**What the task requires:** From the line that holds "Y2K Catch Denim Wide Leg Jeans." to the last line below, retype everything exactly and nothing else; omit pictures.

**Data supplied:**

----------------

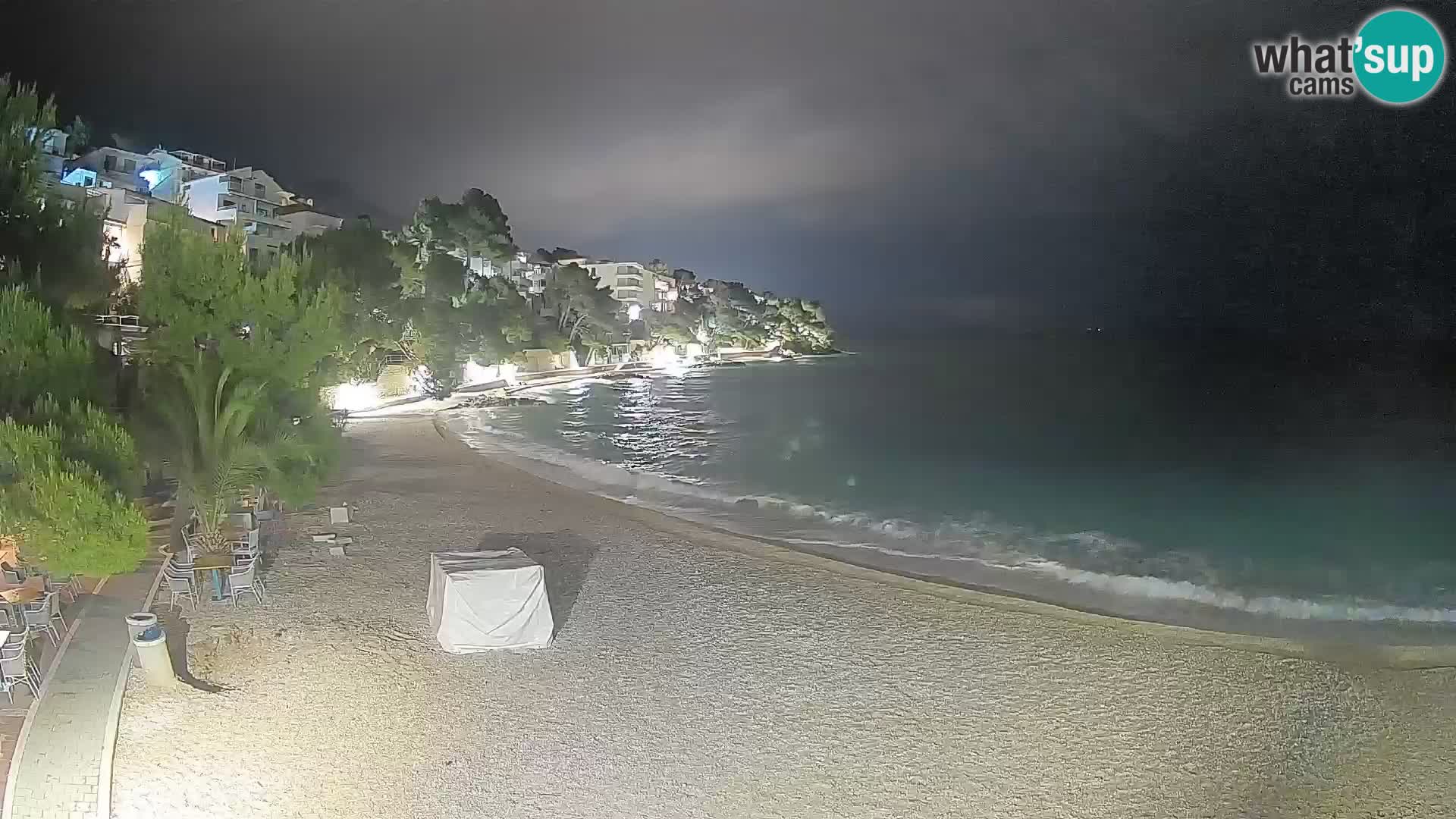 Webcam Lučica Beach Brela – Live View from the Adriatic Coast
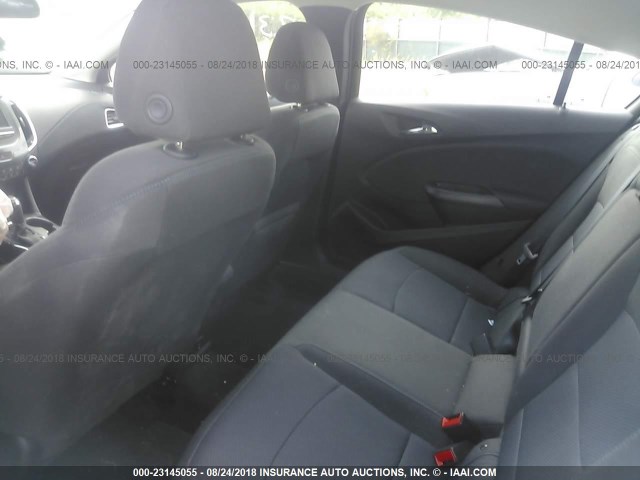 1G1BE5SM7J7222947 - 2018 CHEVROLET CRUZE LT GRAY photo 8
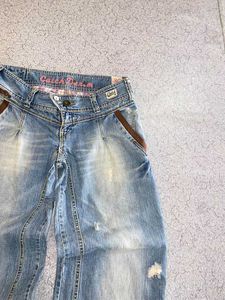 Y2K Catch Denim Wide Leg Jeans.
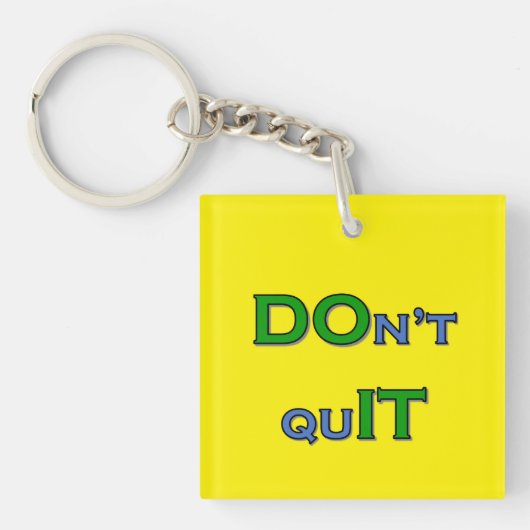 Geen quIT-sleutelhanger Sleutelhanger (Voorkant)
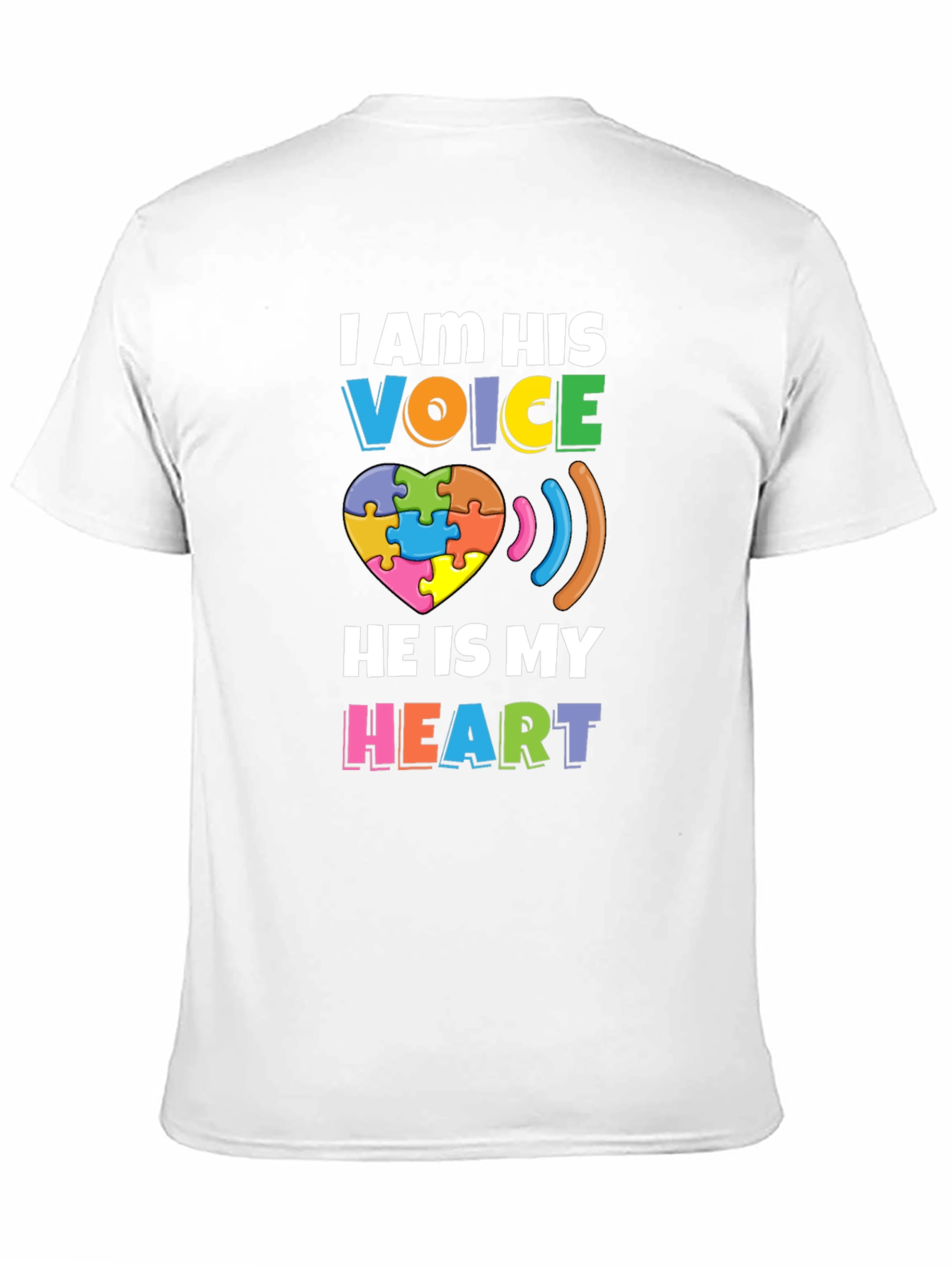 Autism Awareness T-Shirt - I am His Voice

----------------

**Result below:**
 Y2K Catch Denim Wide Leg Jeans.
 Geen quIT-sleutelhanger Sleutelhanger (Voorkant)
 Autism Awareness T-Shirt - I am His Voice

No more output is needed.